The bottom layer of the 640 g tin of 4-flavor cookie tin
But that meant neither Sandra or I could try the cookies on the spot since neither of us was willing to break open one of our tins for an onsite taste test. Jenny Bakery doesn’t offer samples either, which is too bad. I guess they felt successful enough and confident enough in word-of-mouth and internet fame not to need that kind of pull-marketing. And it worked. Based on their reputation for “crack cookies”, I bought them untasted in enough quantities (I also went back at a later date to pick up a couple more tins that I forgot I needed for gifts). There weren’t any lines while we were there but they did a pretty steady business.
Coffee Cookie on the left, Butter Cookie on the right
Flash forward a week later; I was back stateside and had opened my taste test tin to share with my family and finally got to try the cookies. First, let me say, they smelled heavenly. As in, you know these were made with butter, lotsa butter. Then probably more butter for good measure. Second, they were good cookies. But I’ll go out on a limb and brave the internet and Trip Advisor commentators’ wrath when I say I’m not sure I would really consider them out of this world.
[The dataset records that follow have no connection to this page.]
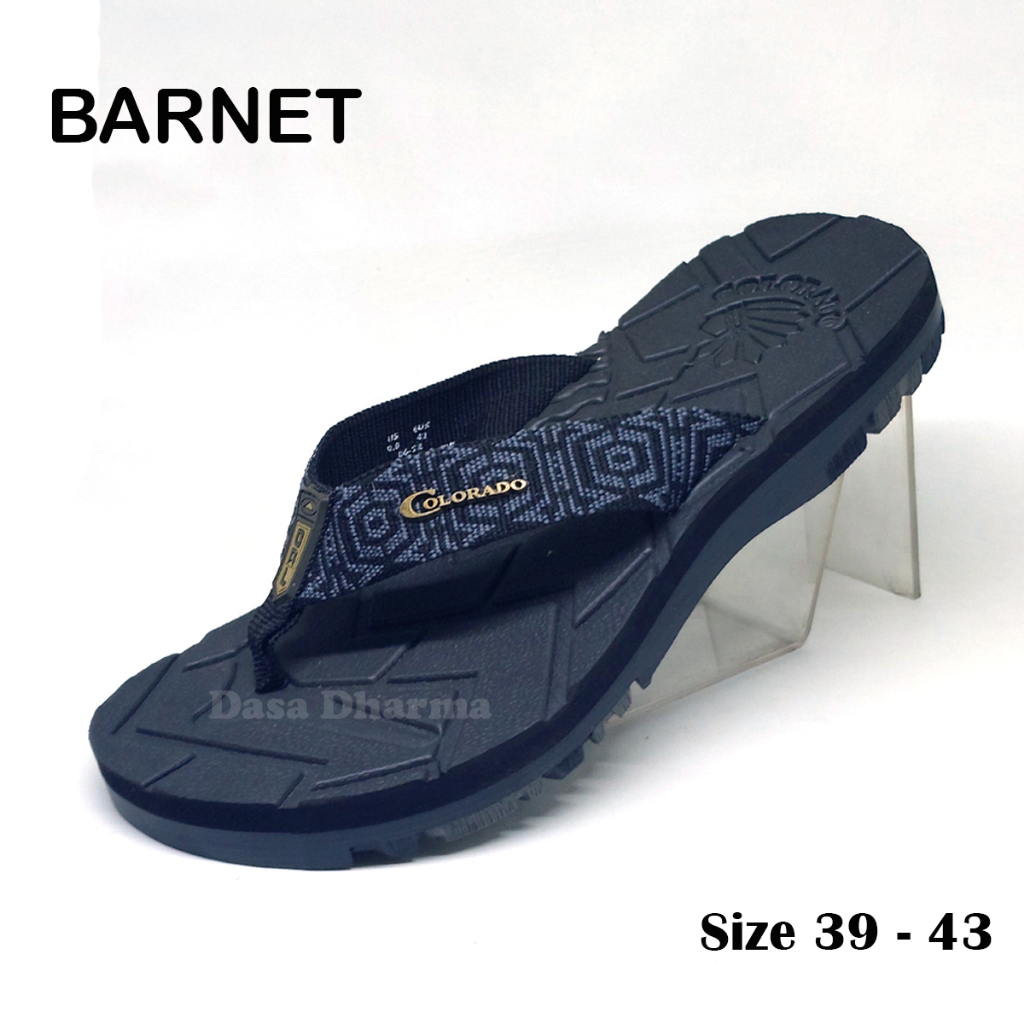 Sandal Barnet Pria Jepit Gunung Colorado Star 22 Hitam Size 39 - 43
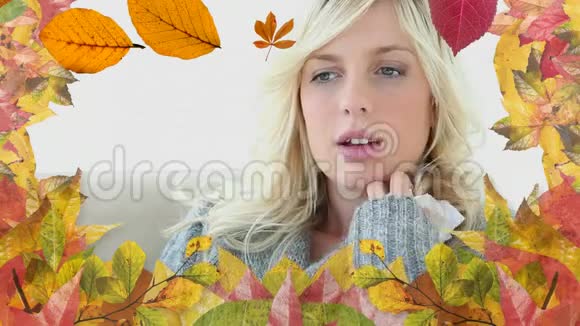 一帧树叶和一个患有过敏喷嚏的女人视频的预览图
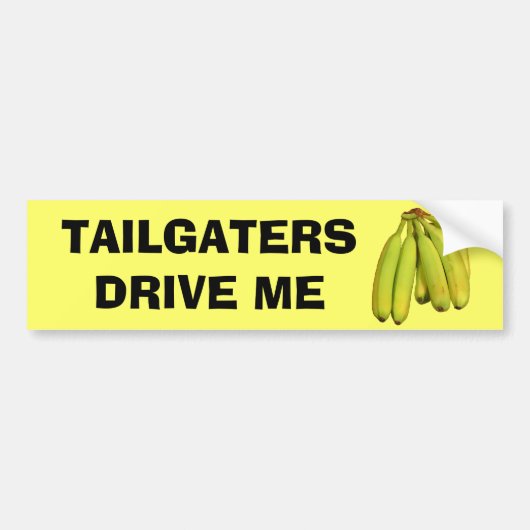 Tailgaters rijden over bananen bumpersticker (Voorkant)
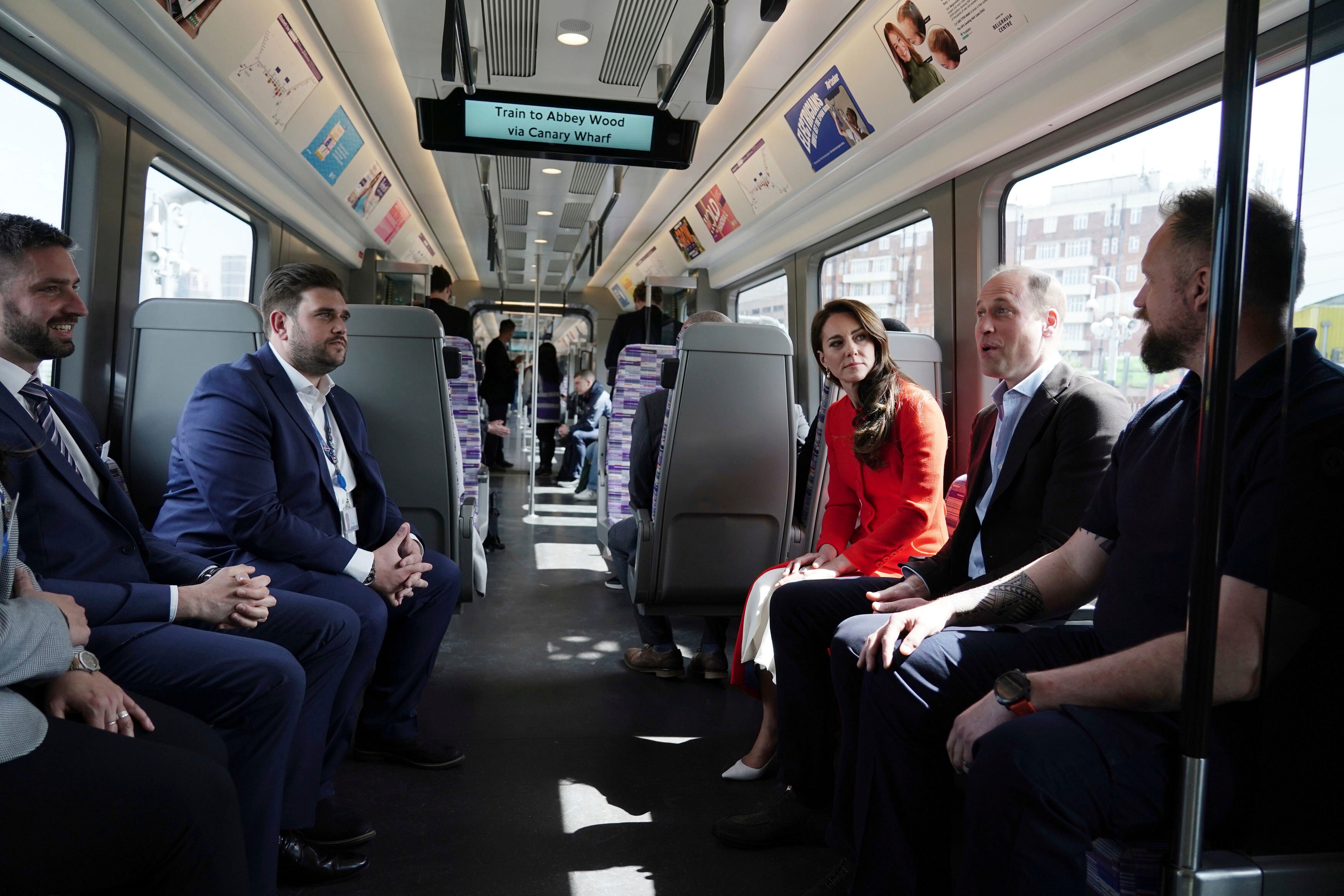 <p>Prince William and Kate, Princess of Wales travel on London Underground's Elizabeth Line</p>
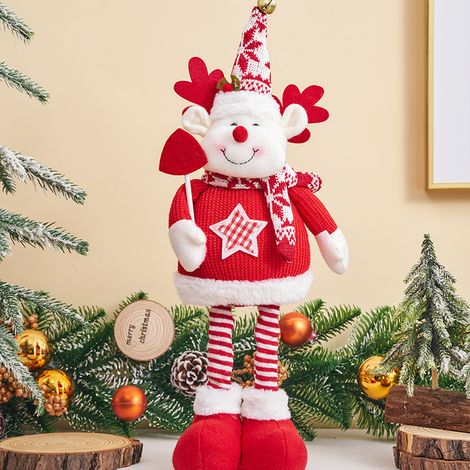Père Noël extensible décoratif en tricot, figurine de Noël à longues jambes, décoration de vitrine, maison et magasin, personnage de fête, objet déco à suspendre (1/5)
Don’t get me wrong; they were good. But I’ve had lots of good butter cookies and I don’t know that these stood out in any particular way. They were good butter cookies. Would I go back again next time I’m in Hong Kong? Probably not. Mostly because I’d already tried them, know what they taste like and would rather try something new or different. But they were not a standout like Laduree’s Sucre Plaisir or Levain Bakery’s cookies or Dominique Ansel’s DKA; all of which I would return to over and over again given the choice. These were just good butter cookies.